What's in a name?

October 27, 2006

New Jersey's highest court gave a resounding, unanimous endorsement this week to the principle that same-sex couples must be accorded the "same financial and social benefits and privileges" as heterosexual partners. But the court choked on calling gay unions "marriage."

The ruling clearly advanced the long legal and political battle by gays and lesbians to achieve the equal status guaranteed to them as a fundamental human right.

By punting to the legislature, though, the question of whether same-sex pairs can get a marriage license or must settle for some alternate document, the court sidestepped the highly charged debate over how to define an emotional and legal commitment traditionally made by a man and a woman.

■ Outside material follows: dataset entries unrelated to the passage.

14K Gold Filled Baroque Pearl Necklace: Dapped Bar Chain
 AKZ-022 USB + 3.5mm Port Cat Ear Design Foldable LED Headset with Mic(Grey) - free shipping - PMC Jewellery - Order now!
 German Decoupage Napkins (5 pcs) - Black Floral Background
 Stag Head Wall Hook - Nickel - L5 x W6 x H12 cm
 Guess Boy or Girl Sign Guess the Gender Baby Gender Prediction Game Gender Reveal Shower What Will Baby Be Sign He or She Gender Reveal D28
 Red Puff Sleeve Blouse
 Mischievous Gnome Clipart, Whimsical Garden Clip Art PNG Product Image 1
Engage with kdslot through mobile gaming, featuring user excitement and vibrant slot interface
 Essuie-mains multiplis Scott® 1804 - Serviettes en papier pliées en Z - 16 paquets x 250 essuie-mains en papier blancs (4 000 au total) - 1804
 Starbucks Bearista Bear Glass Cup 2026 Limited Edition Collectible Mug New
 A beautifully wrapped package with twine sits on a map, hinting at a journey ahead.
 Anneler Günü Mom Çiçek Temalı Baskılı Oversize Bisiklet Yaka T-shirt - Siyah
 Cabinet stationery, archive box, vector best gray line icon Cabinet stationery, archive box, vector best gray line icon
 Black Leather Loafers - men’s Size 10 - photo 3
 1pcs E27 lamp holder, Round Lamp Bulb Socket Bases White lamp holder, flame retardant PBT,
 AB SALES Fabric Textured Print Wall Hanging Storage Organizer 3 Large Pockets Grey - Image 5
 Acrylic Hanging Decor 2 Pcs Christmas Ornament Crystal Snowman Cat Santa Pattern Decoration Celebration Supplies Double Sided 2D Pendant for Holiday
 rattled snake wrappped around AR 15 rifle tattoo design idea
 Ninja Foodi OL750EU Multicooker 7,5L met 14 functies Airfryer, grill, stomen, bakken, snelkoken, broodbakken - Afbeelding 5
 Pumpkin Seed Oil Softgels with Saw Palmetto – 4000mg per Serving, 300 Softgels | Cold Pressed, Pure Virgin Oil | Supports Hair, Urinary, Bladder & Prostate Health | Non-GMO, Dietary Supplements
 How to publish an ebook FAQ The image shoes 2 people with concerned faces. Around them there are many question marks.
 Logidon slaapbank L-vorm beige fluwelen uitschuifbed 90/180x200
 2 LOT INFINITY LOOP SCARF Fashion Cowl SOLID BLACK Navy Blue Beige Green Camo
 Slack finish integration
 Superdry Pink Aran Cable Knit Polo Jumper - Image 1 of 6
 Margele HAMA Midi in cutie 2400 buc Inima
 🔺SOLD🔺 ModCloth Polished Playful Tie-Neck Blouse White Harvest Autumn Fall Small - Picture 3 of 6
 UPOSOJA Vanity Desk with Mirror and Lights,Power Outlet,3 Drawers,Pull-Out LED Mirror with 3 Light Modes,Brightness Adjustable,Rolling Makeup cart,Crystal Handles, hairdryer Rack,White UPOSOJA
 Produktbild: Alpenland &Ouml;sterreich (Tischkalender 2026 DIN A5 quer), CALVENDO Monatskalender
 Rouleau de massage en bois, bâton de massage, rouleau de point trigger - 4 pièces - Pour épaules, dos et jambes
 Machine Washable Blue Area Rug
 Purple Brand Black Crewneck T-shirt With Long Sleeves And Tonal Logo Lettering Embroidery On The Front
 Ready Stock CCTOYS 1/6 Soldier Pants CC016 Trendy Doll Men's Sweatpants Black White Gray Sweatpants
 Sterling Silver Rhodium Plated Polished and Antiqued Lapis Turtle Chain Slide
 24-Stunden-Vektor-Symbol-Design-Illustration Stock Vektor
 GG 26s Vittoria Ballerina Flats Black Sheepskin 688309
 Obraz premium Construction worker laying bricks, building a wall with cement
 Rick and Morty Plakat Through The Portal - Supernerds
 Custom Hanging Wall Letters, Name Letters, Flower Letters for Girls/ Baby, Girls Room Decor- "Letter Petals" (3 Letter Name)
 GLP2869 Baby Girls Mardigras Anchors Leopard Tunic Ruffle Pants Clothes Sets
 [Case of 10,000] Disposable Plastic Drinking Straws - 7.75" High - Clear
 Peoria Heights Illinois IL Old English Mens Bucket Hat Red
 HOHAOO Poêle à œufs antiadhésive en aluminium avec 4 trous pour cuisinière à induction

Thus, New Jersey's ruling can't be the end of the matter for the state or the larger national debate, which is also being waged this year in Maryland's highest court.

At issue is whether marriage by any other name, to paraphrase Shakespeare, would sound as sweet.

Chief Justice Deborah Poritz argued in a dissenting view that limiting same-sex couples to civil unions would create a two-class system that would be both separate and inherently unequal. What's in a name in this case is a kind of social recognition and acceptance, she said.

A 4-to-3 majority of the New Jersey court maintained, though, that it is the job of the legislature to confer such social acceptance, "which must come from the evolving ethos of a maturing society."

Indeed, it would be preferable if legislatures could resolve this issue; too often, abuses of fairness and human dignity are left to the courts. Nonetheless, New Jersey has given the evolutionary process a significant push.